Robinson iba a todas partes con ellos, cargando siempre una rígida mochila que sacó de la caja a su cargo. Ayudaba en lo que se necesitaba, aunque pasaba la mayor parte del tiempo observando cada una de las acciones desarrolladas por el resto del equipo.

Todo iba bien hasta que una tormenta de arena los azotó al amanecer del segundo. El capitán del Pegasus ordenó que todos se refugiaran en el interior de la nave y solo quedaron a la intemperie los dos Gatos y la parte del armazón de la estructura modular que ya habían conseguido levantar y ensamblar. Los instrumentos de la nave registraron vientos de ciento setenta kilómetros por hora, con rachas de doscientos diez y una disminución de la temperatura a menos cuatro grados centígrados.

Todos sabían que estas tormentas podían durar semanas, lo que ponía en peligro la misión.
Y Angle no dudó en informar la situación.

―Centro de Control, las condiciones climáticas son adversas. La visibilidad ha bajado notoriamente y me temo que sea imposible continuar con los trabajos.

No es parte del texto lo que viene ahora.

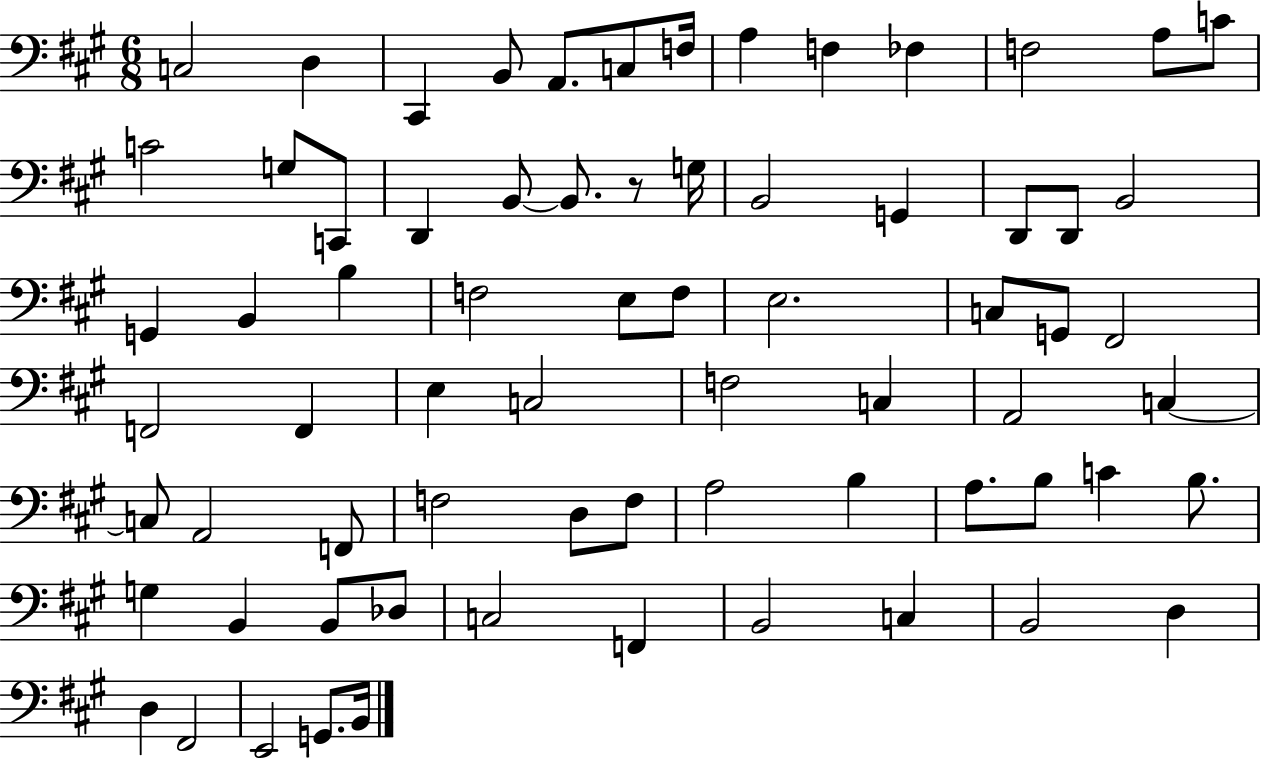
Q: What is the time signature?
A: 6/8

Nos encontramos refugiados en el módulo de vida a la espera de instrucciones.

Pero nadie contestó.

Brown y Gamboa verificaron el estado de las comunicaciones y vieron con preocupación que la tormenta causaba demasiada interferencia, incluso para los sistemas auxiliares. Mientras no cesara el viento, estaban completamente solos.

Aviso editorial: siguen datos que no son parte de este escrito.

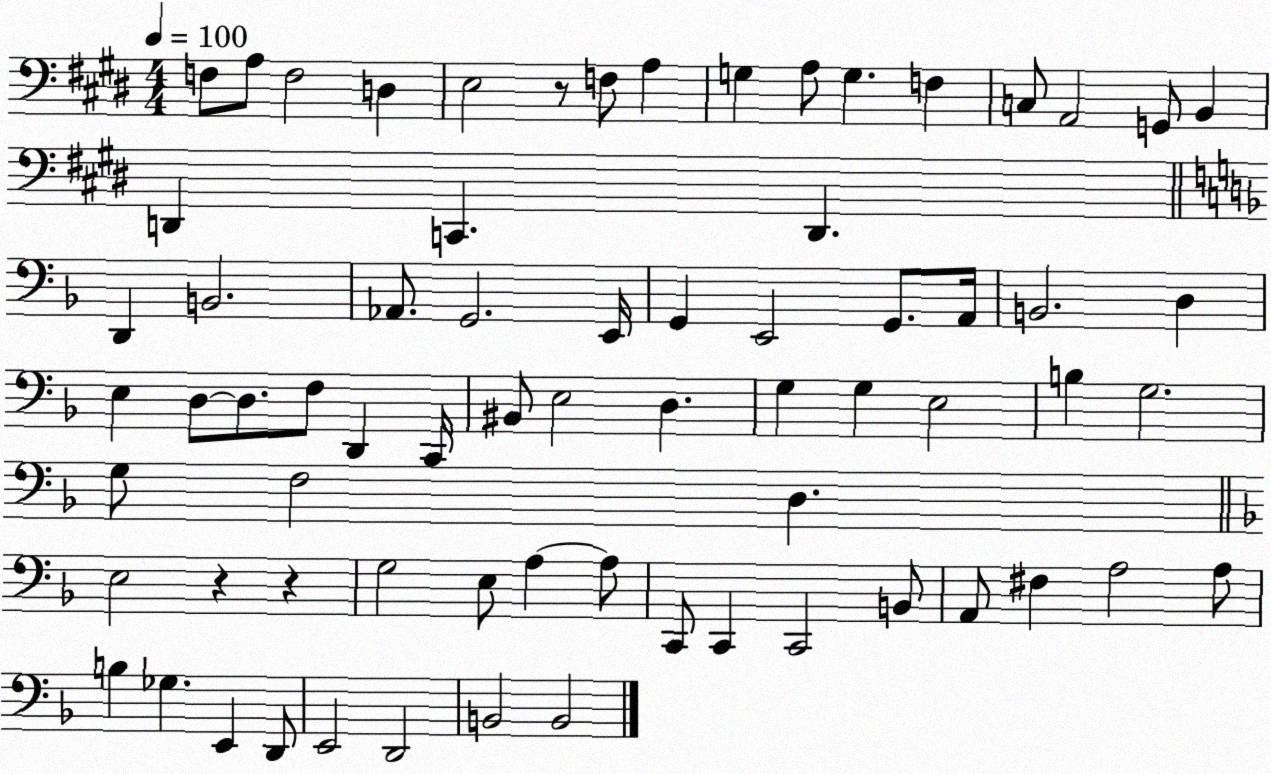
X:1
T:Untitled
M:4/4
L:1/4
K:E
F,/2 A,/2 F,2 D, E,2 z/2 F,/2 A, G, A,/2 G, F, C,/2 A,,2 G,,/2 B,, D,, C,, D,, D,, B,,2 _A,,/2 G,,2 E,,/4 G,, E,,2 G,,/2 A,,/4 B,,2 D, E, D,/2 D,/2 F,/2 D,, C,,/4 ^B,,/2 E,2 D, G, G, E,2 B, G,2 G,/2 F,2 D, E,2 z z G,2 E,/2 A, A,/2 C,,/2 C,, C,,2 B,,/2 A,,/2 ^F, A,2 A,/2 B, _G, E,, D,,/2 E,,2 D,,2 B,,2 B,,2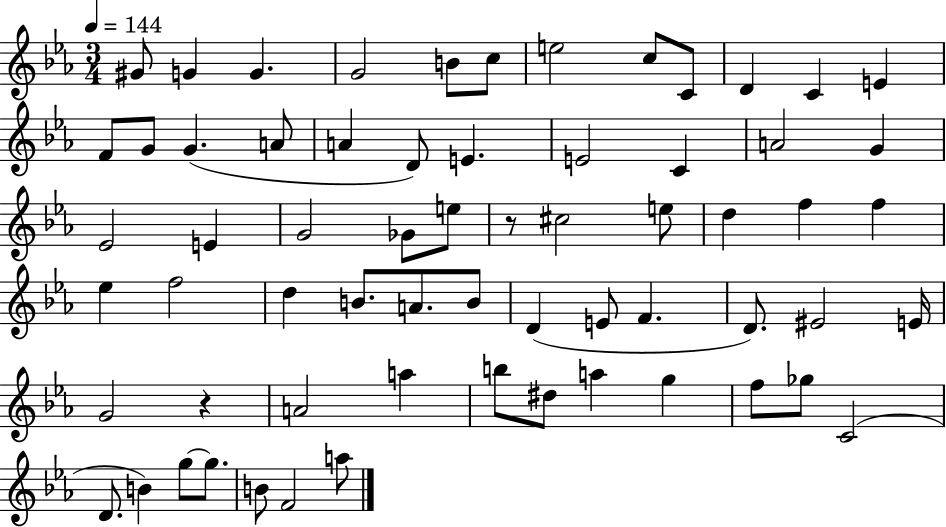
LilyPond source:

{
  \clef treble
  \numericTimeSignature
  \time 3/4
  \key ees \major
  \tempo 4 = 144
  \repeat volta 2 { gis'8 g'4 g'4. | g'2 b'8 c''8 | e''2 c''8 c'8 | d'4 c'4 e'4 | \break f'8 g'8 g'4.( a'8 | a'4 d'8) e'4. | e'2 c'4 | a'2 g'4 | \break ees'2 e'4 | g'2 ges'8 e''8 | r8 cis''2 e''8 | d''4 f''4 f''4 | \break ees''4 f''2 | d''4 b'8. a'8. b'8 | d'4( e'8 f'4. | d'8.) eis'2 e'16 | \break g'2 r4 | a'2 a''4 | b''8 dis''8 a''4 g''4 | f''8 ges''8 c'2( | \break d'8. b'4) g''8~~ g''8. | b'8 f'2 a''8 | } \bar "|."
}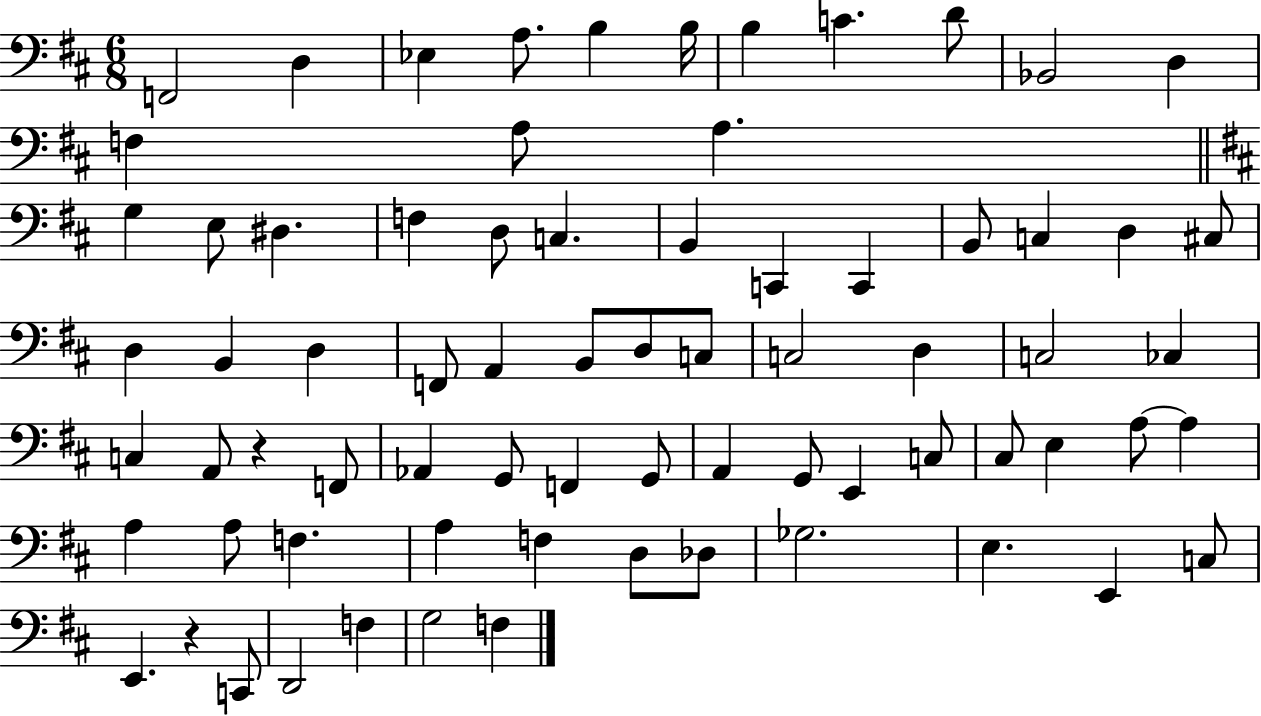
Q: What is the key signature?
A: D major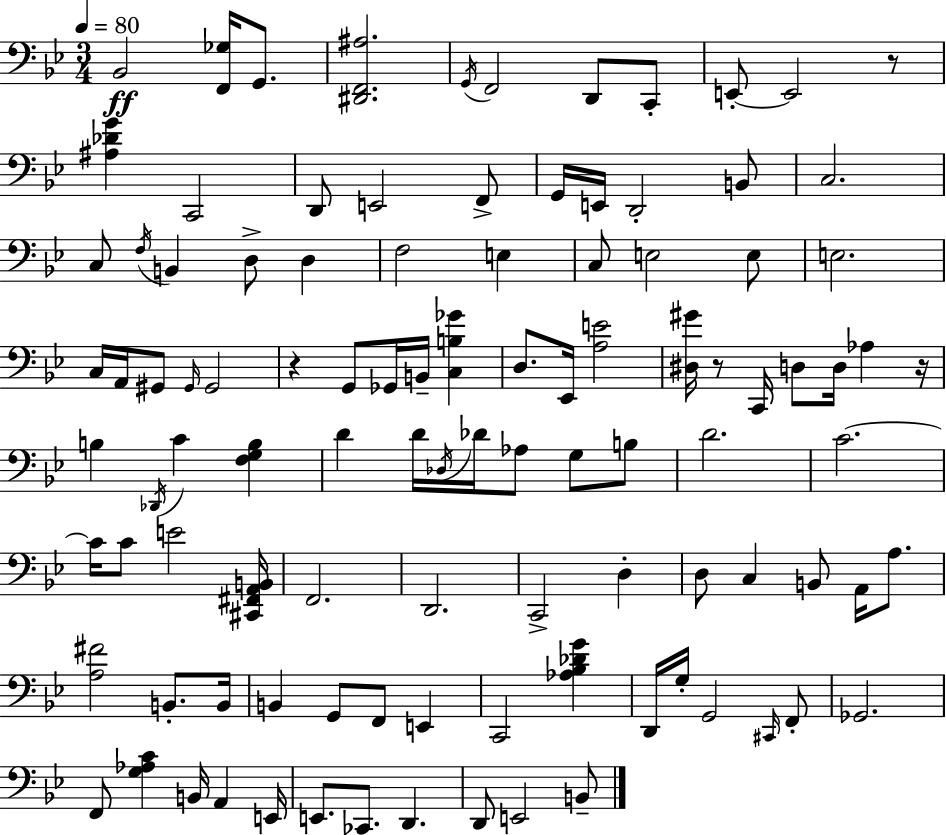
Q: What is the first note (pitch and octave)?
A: Bb2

―Capitán, el motivo de este viaje es montar ese módulo ―Robinson observaba por la ventana la enorme nube de polvo que lo cubría todo―. Pero solo tenemos apoyo de vida para cinco días más de los planificados. Si esta tormenta se extiende hasta entonces, nos quedaremos sin margen para regresar.

Angle le dio una mirada y captó la atención con la que los demás esperaban su respuesta.

―Henry, Harem, necesito que traten por todos los medios de enlazarme con la Tierra. Johana, Paul, corran simulaciones y denme opciones. Ya armamos una parte, quiero saber si seremos capaces de terminarla con este maldito viento.

Entonces se volvió hacia el oficial de inteligencia.

―Robinson, ven conmigo ―ordenó.

Todos se apresuraron a hacer lo que el capitán les había encomendado, mientras él y el oficial de inteligencia se dirigían hacia el comedor.

―¿Necesita algo, capitán?

Lejos de acomodarse en alguna de las sillas, Angle se quedó junto a la ventana, examinando el desolador panorama del exterior.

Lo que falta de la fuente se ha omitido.